- Analysts at Morgan Stanley warned in a note Monday that a reverse merger between Dell and VMware is a “worst case scenario” for VMware shareholders.
- Analysts said a merger could devalue VMware by as much as $28 billion. This also leads them to believe that a merger is unlikely, according to the note.
- Dell is considering a reverse merger with the publicly-traded company, as a means of going public itself. Dell is also looking into an IPO, or keeping things as they are.
Dell Technologies is considering mixing up its ownership structure, and analysts at Morgan Stanley are not going along for the ride.
In a note published on Monday, Morgan Stanley analysts Keith Weiss and Sanjit Singh warned investors against one of the most interesting options on the table, in which Dell Technologies would do a “reverse merger” with its subsidiary company VMware.
Analysts called a merger the “worst case scenario” for VMware shareholders.
VMware is traded publicly, and a merger would take Dell public without putting the company through an initial public offering. Dell currently owns 82% of VMware stock, and 97% of its voting interest, thanks to the 2015 Dell/EMC merger.
A reverse merger would have tax benefits for Dell and give the company access to VMware’s cash, according to the report, but ultimately it would have a negative impact on VMware’s shareholders.
Analysts at Morgan Stanley project that a combined company would devalue VMware by $28 billion — considerably more than the $500 million-600 million annual taxes Dell will face if it continues to operate under its existing structure.
Already VMware stock, which traded at an all-time high of $150 in late January, has suffered.

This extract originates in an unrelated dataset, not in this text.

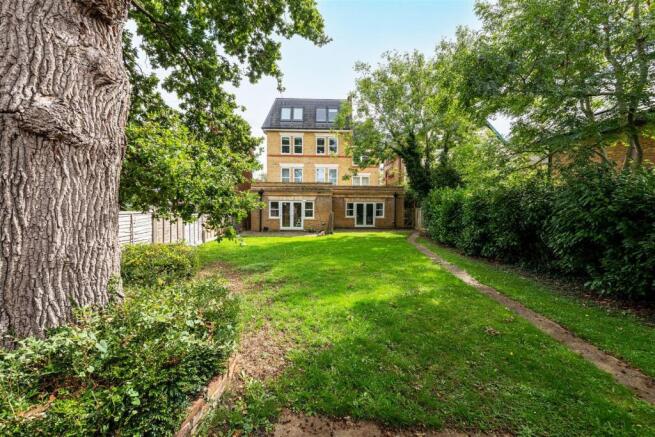 8 Verano Lodge Rr Ext.jpg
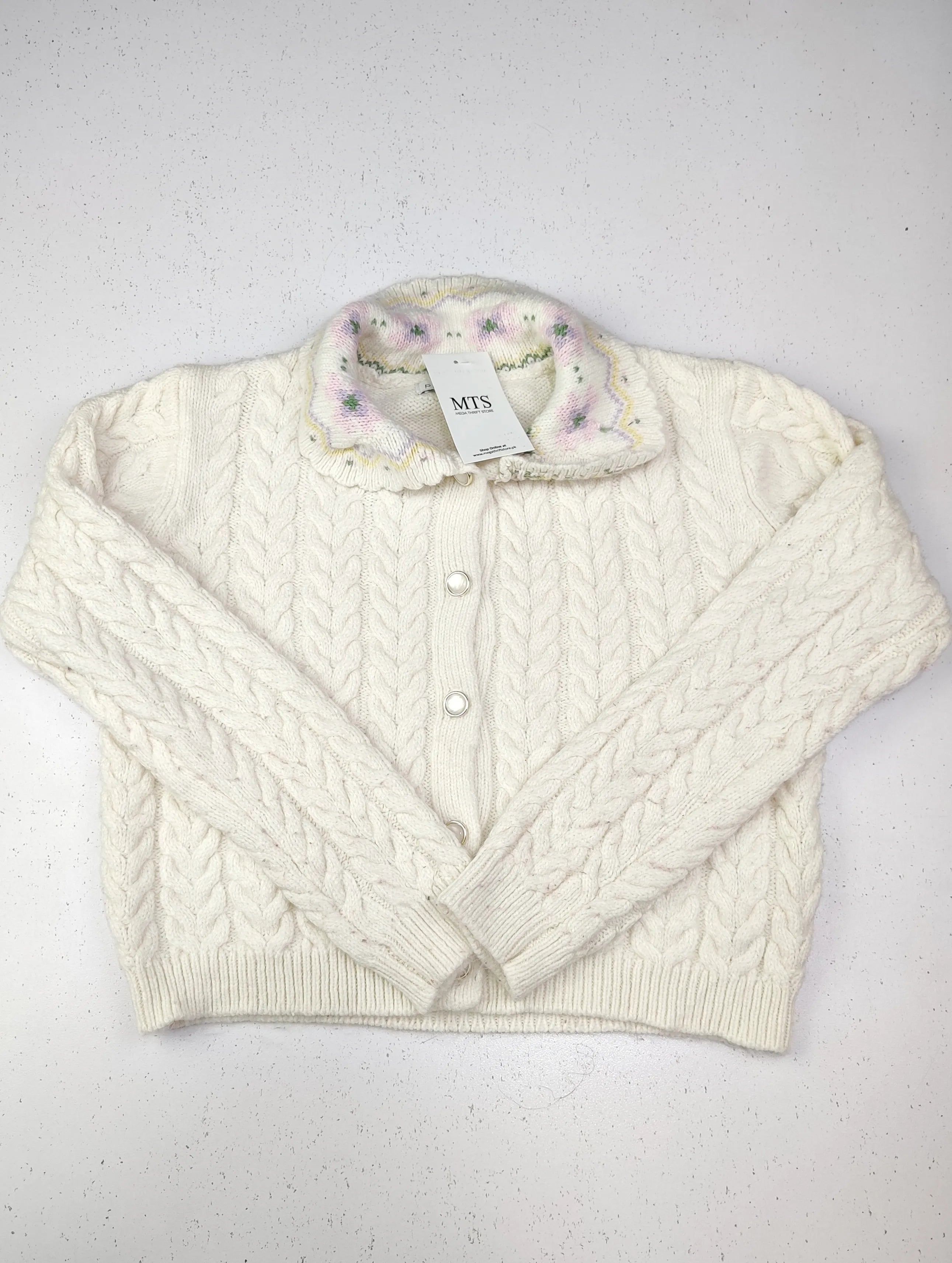 Buy online pre-used pre-loved 100% authentic & Original branded Primark (KWG-3899) available in Pakistan. Top international brands avilable.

Shares currently cost around $117, which Morgan Stanley expects would “quickly” return toward its $143 price target if “the risk of a reverse merger diminishes.”
However, analysts also conclude that it’s the least likely of the three strategic options Dell is pursuing.
The company is also looking into doing its own IPO, as well as looking into whether staying private is actually the best option.